_Requirement_
Write again exactly the lines in the listing below, starting at the line with "Bando 77007 vector" and ending at the line with "Obsessive Set - Wit", both included. Pictures are not copied.

_Data_
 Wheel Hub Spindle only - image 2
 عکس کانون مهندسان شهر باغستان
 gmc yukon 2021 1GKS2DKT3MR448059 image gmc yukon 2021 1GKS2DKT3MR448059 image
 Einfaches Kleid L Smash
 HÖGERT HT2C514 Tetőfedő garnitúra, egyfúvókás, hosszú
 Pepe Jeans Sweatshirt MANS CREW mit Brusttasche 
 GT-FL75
==
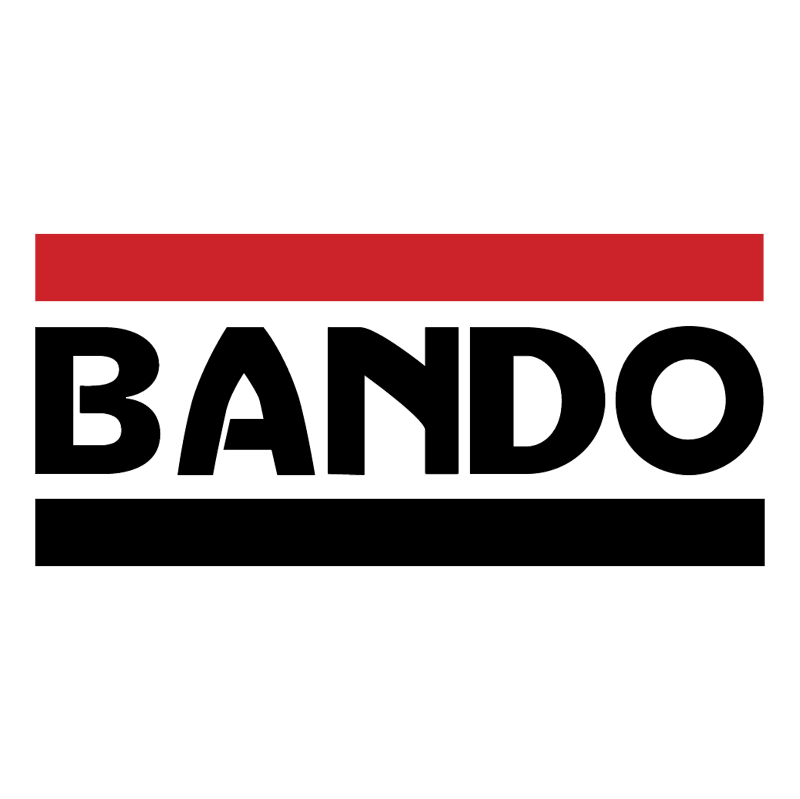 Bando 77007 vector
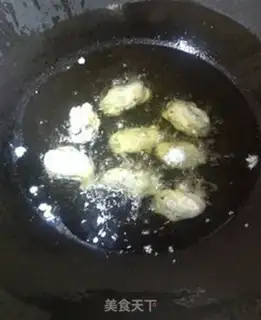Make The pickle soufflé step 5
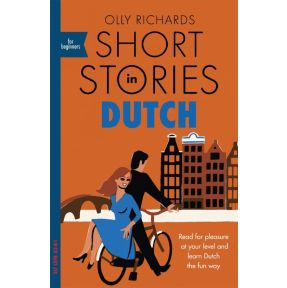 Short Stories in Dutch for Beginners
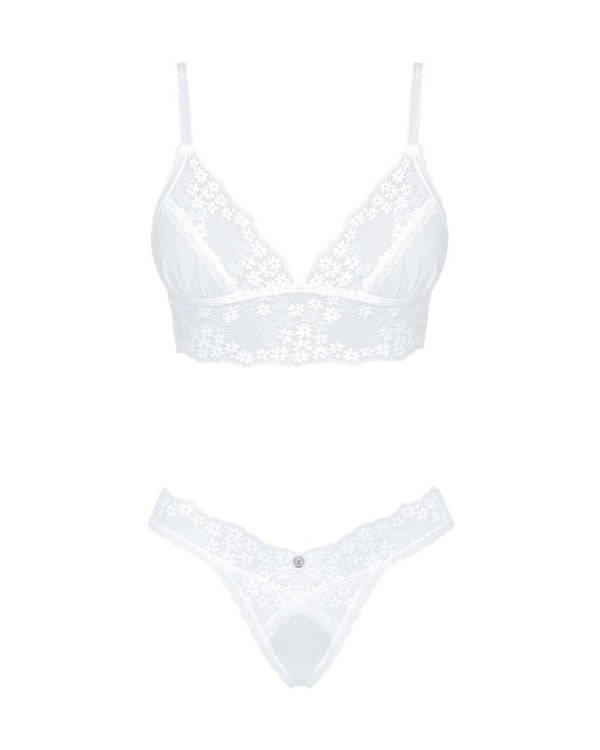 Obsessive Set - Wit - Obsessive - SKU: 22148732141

_Exercise solution_
 Bando 77007 vector
Make The pickle soufflé step 5
 Short Stories in Dutch for Beginners
 Obsessive Set - Wit - Obsessive - SKU: 22148732141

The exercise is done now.